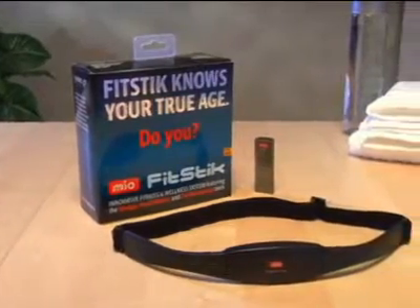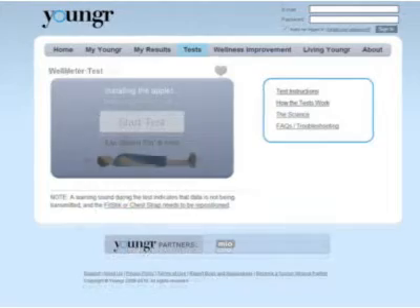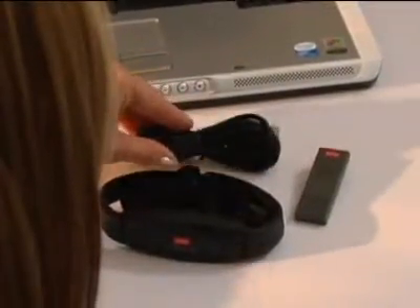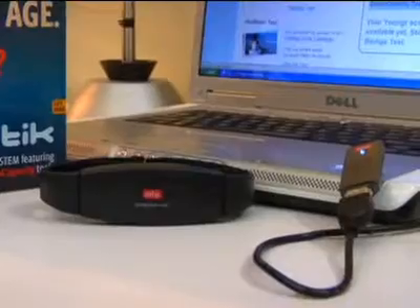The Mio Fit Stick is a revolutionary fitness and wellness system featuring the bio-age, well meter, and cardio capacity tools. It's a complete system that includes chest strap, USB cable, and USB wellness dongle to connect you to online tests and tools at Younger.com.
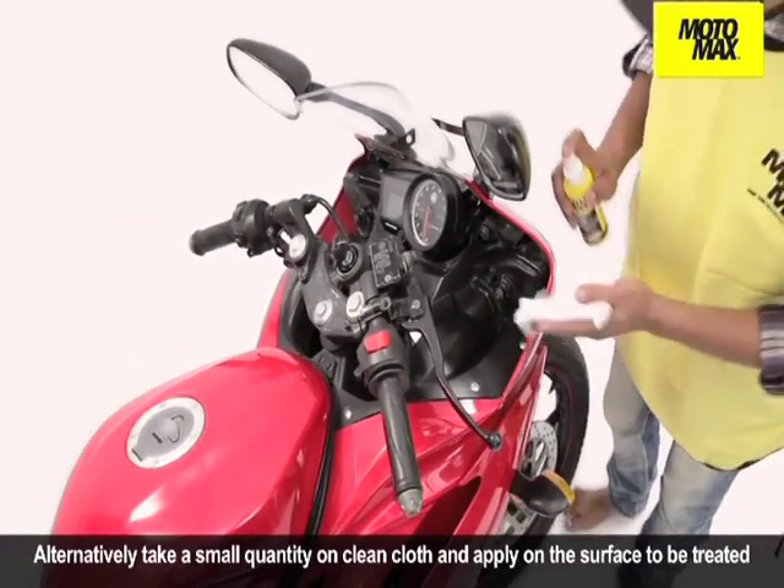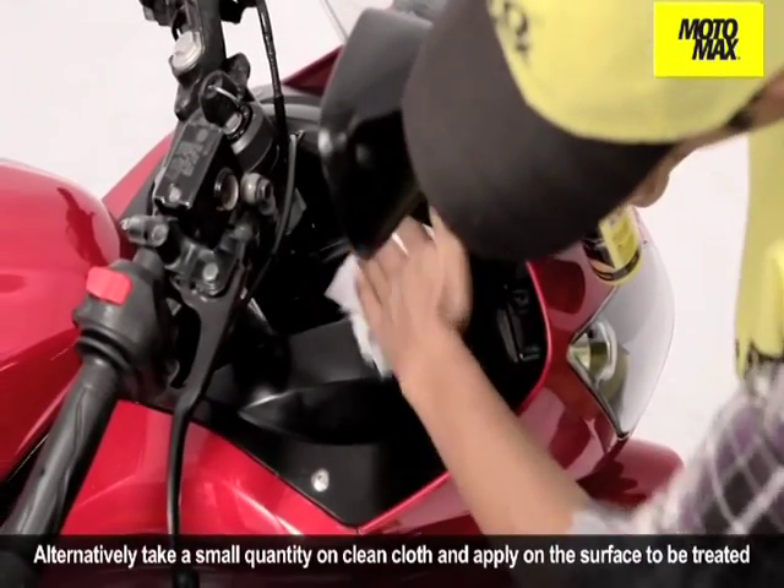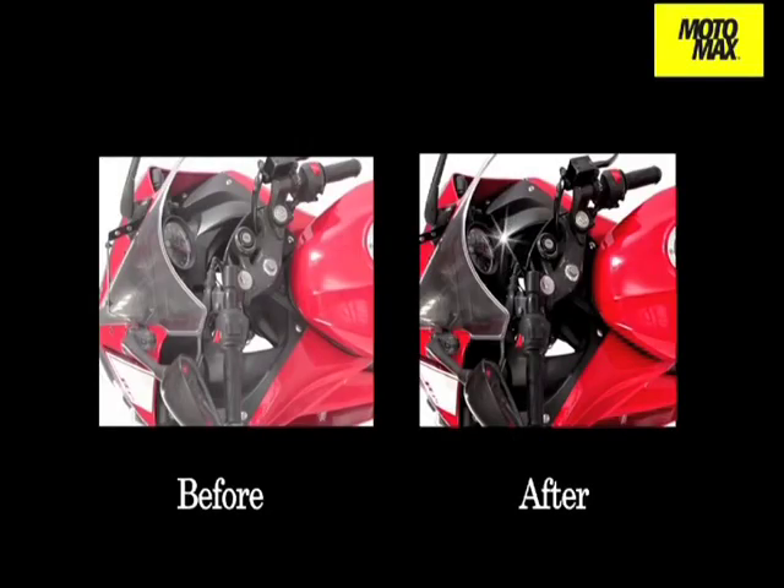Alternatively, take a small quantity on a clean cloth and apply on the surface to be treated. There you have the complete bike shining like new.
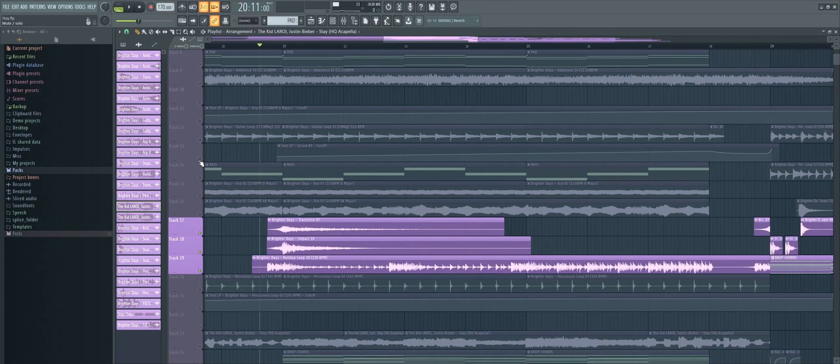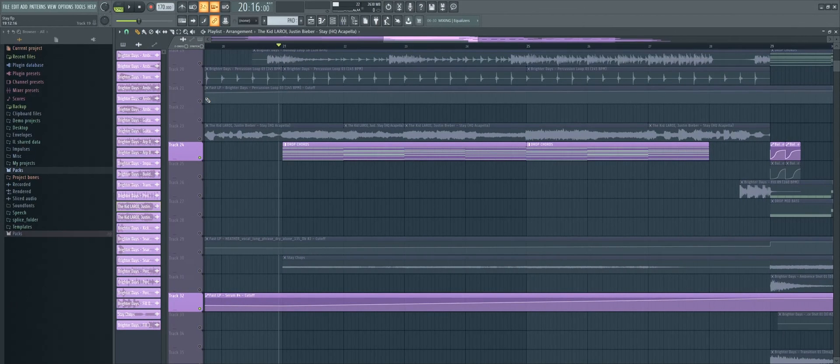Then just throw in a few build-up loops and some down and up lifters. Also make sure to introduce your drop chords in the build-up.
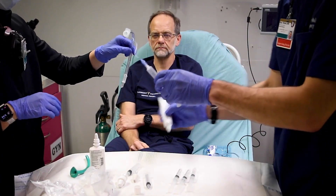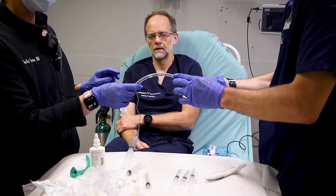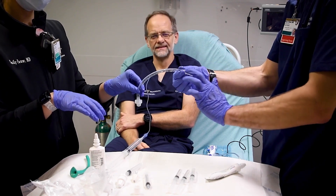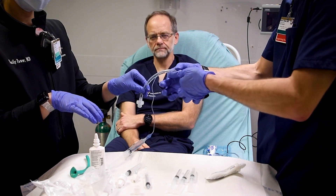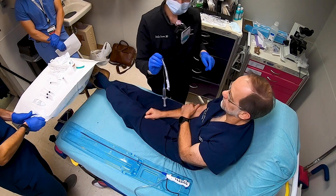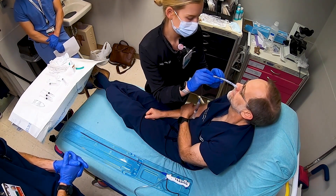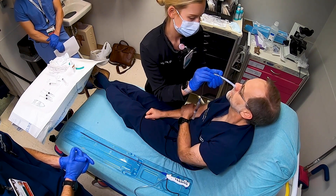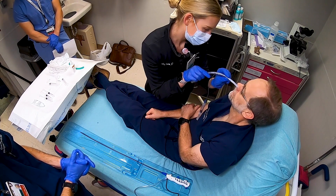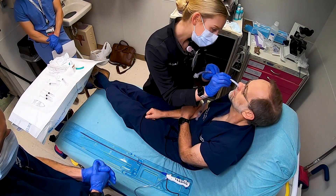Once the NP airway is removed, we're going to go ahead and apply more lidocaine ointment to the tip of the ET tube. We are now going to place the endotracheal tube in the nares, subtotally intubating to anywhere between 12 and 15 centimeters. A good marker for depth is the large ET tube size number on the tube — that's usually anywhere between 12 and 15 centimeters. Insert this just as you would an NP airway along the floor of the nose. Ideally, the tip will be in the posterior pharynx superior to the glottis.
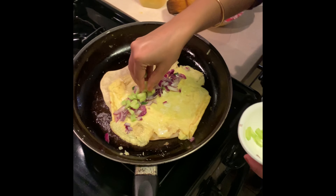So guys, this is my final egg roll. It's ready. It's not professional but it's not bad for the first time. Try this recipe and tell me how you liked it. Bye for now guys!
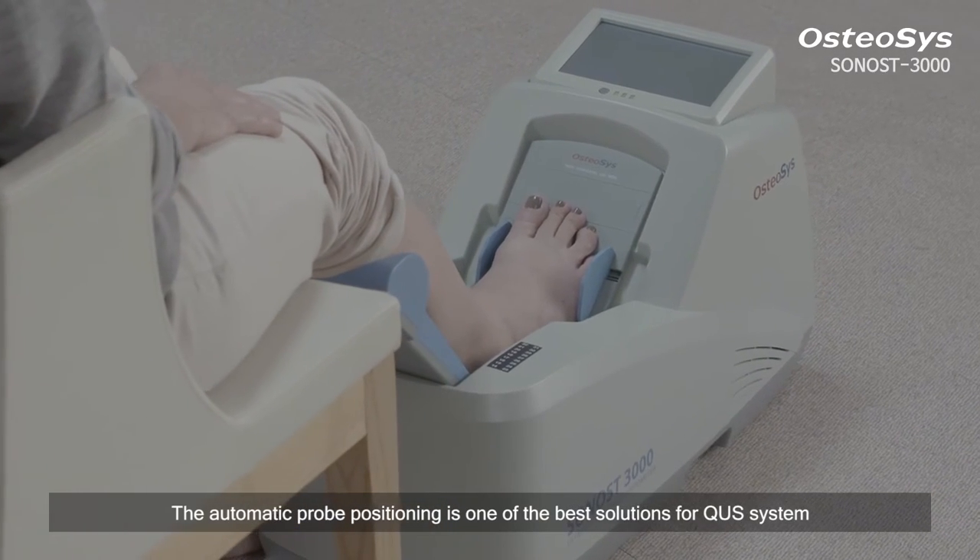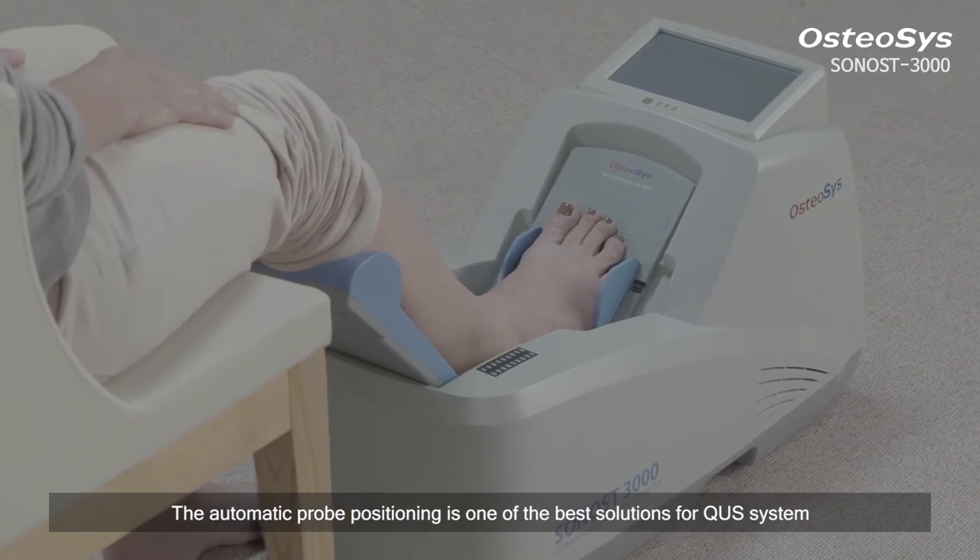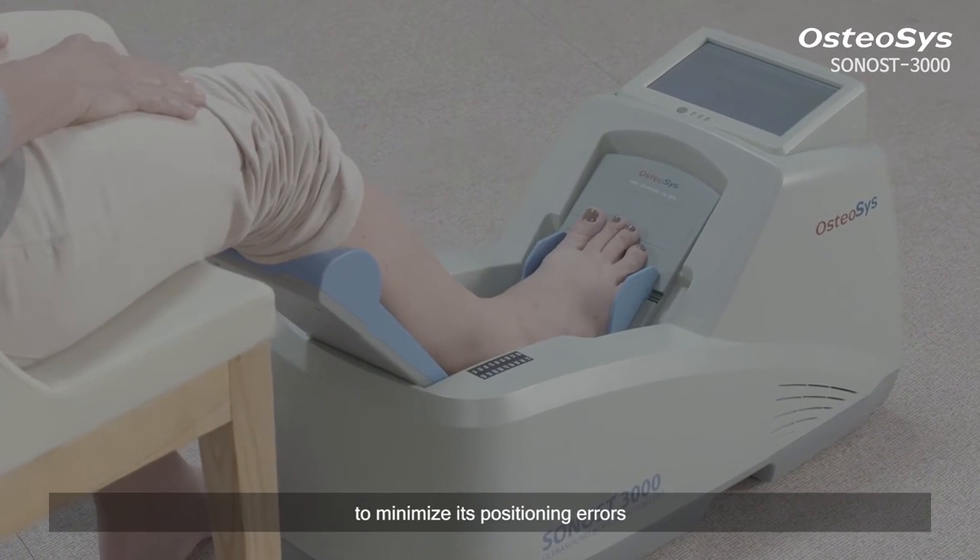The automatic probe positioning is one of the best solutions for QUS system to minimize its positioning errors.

______

EXERCISE OBJECTIVE - Take the lines from the one that contains "So guys, this" through the last line of the material above and reproduce them exactly, leaving out any pictures.

YOUR RESPONSE -
So guys, this is my final egg roll. It's ready. It's not professional but it's not bad for the first time. Try this recipe and tell me how you liked it. Bye for now guys!
The automatic probe positioning is one of the best solutions for QUS system to minimize its positioning errors.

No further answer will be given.